Data section
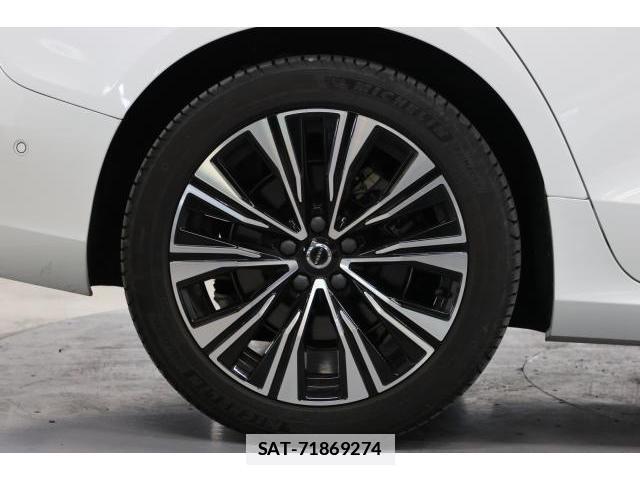 Volvo V60 2022-08 7813722-19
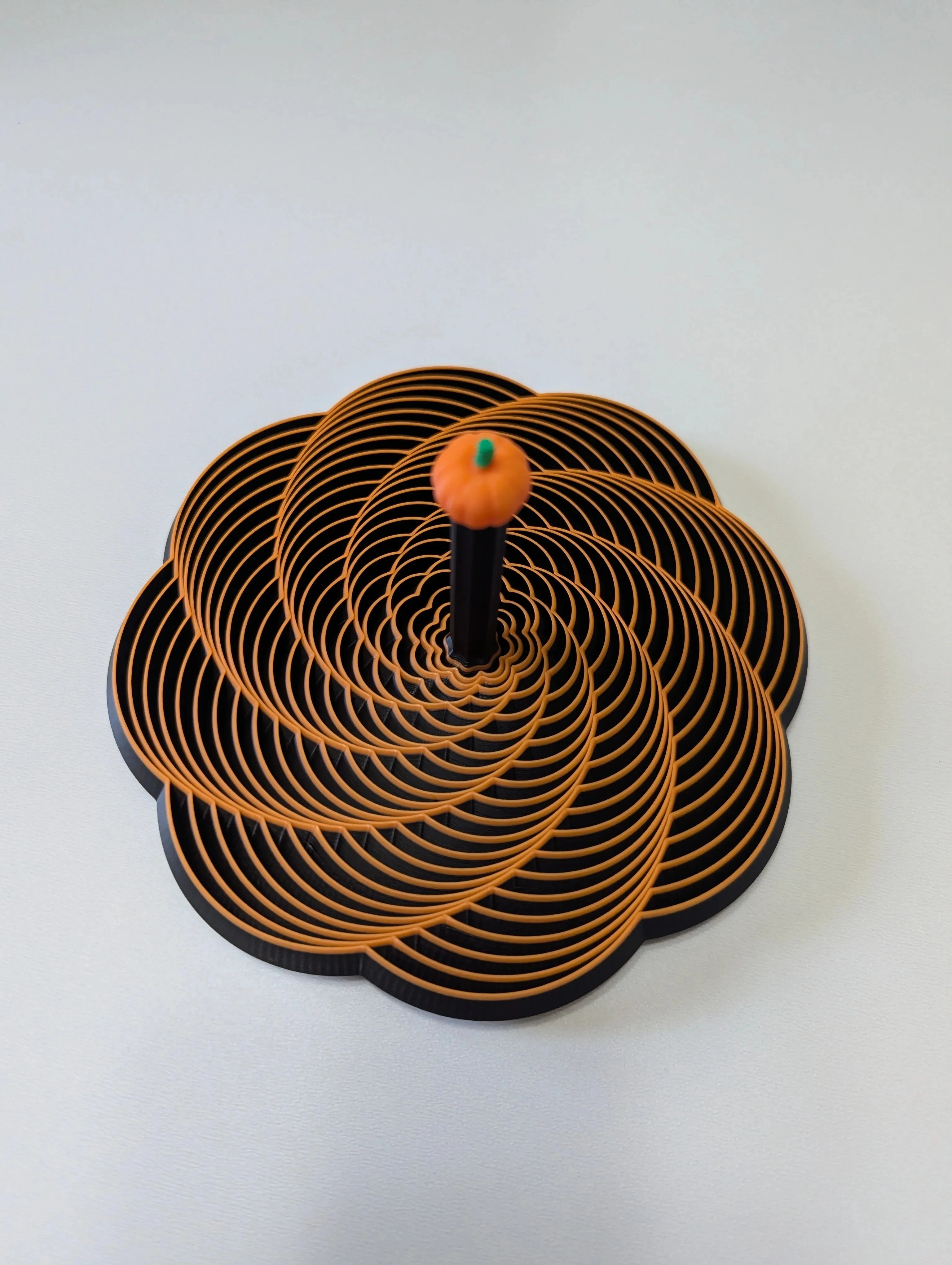 3D Baskı Spiral Halkalı Balkabağı Dekoratif Obje Dönen Kinetik Masa Aksesuarı Sonbahar Turuncu Siyah görsel 2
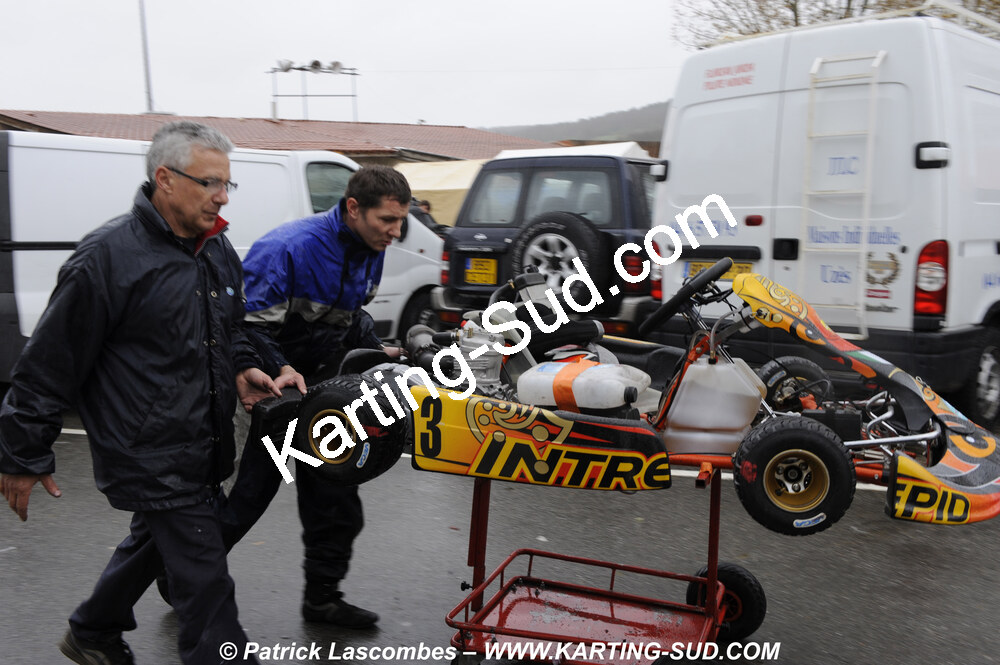12/04/2009 : 1ère manche du Championnat Sud et 1ère manche du Championnat Régional Languedoc-Roussillon à Lavelanet (photos Patrick Lascombes) 2009 — karting
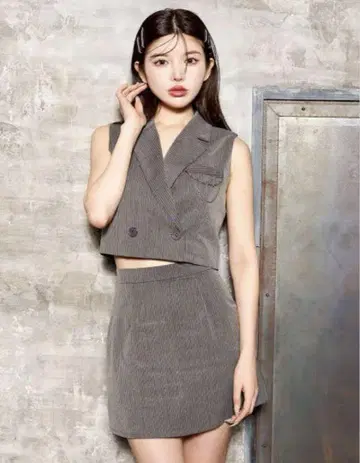 스트라이프 패턴 스커트 셋업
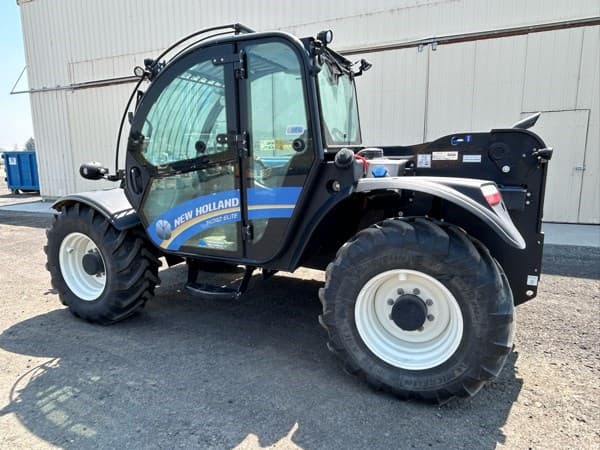 Image of New Holland TH7.42 Image 1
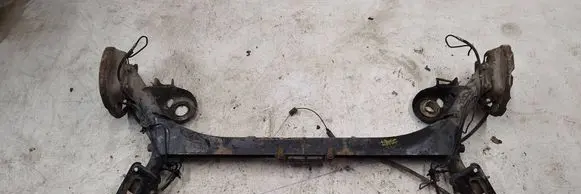 Peugeot 3008 I Rear subframe 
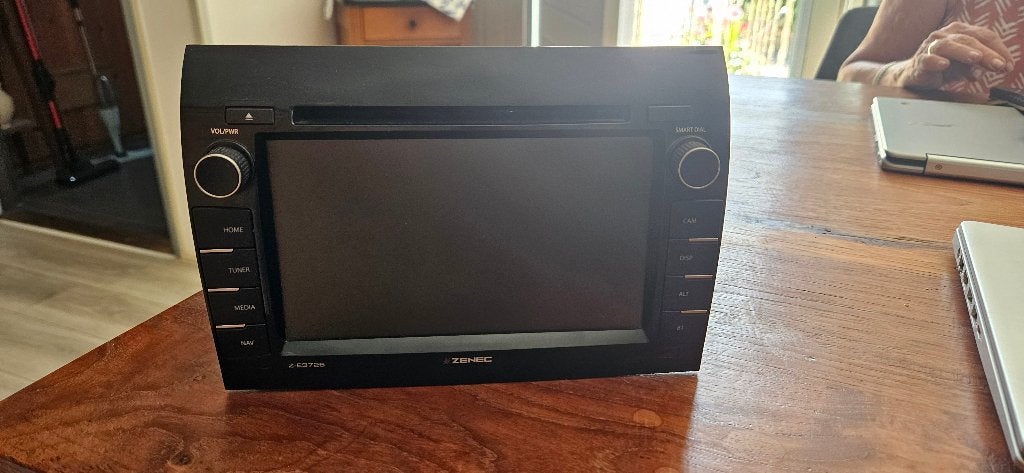 Te koop aangeboden Zenec Z-E3726, Ophalen, Gebruikt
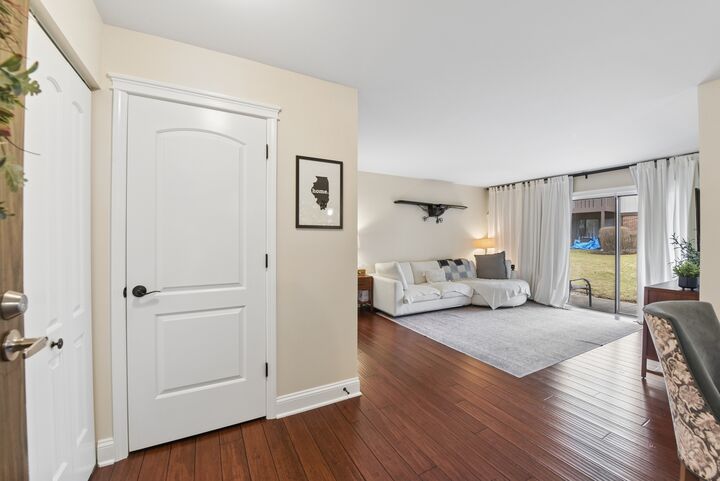 Property Photo: 1223 Sandhurst Court D1 IL 60193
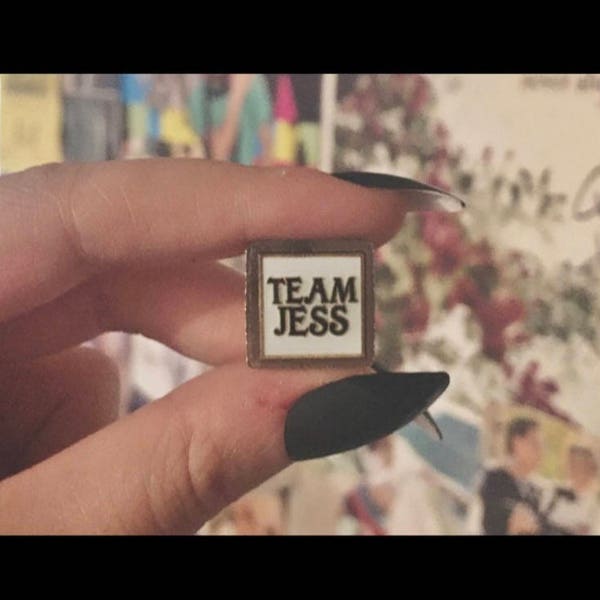 Free Shipping "Team Jess" Magnet Pins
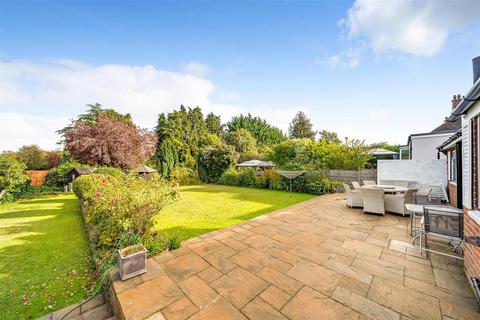 203 Banstead Road, Banstead, SM7 1QZ
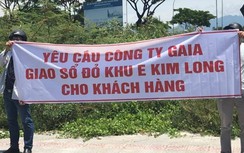 Khách hàng căng băng rôn đòi sổ tại dự án BĐS đắt khách bậc nhất Đà Nẵng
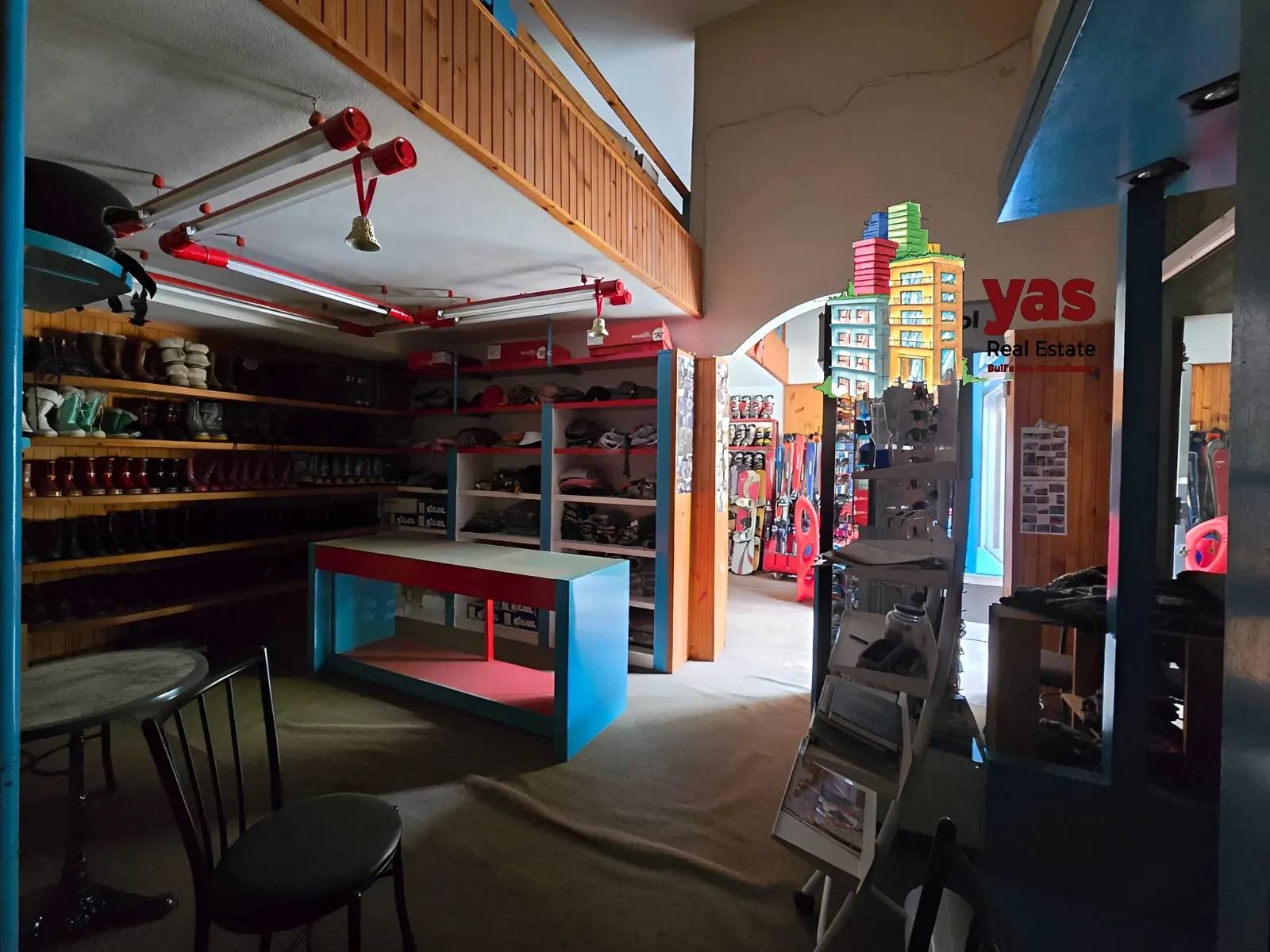 Shop for rent in Faraya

Try it
The complete material, set down exactly and stripped of pictures, is the expected response.

Answer box
 Volvo V60 2022-08 7813722-19
 3D Baskı Spiral Halkalı Balkabağı Dekoratif Obje Dönen Kinetik Masa Aksesuarı Sonbahar Turuncu Siyah görsel 2
12/04/2009 : 1ère manche du Championnat Sud et 1ère manche du Championnat Régional Languedoc-Roussillon à Lavelanet (photos Patrick Lascombes) 2009 — karting
 스트라이프 패턴 스커트 셋업
 Image of New Holland TH7.42 Image 1
 Peugeot 3008 I Rear subframe 
 Te koop aangeboden Zenec Z-E3726, Ophalen, Gebruikt
 Property Photo: 1223 Sandhurst Court D1 IL 60193
 Free Shipping "Team Jess" Magnet Pins
 203 Banstead Road, Banstead, SM7 1QZ
 Khách hàng căng băng rôn đòi sổ tại dự án BĐS đắt khách bậc nhất Đà Nẵng
 Shop for rent in Faraya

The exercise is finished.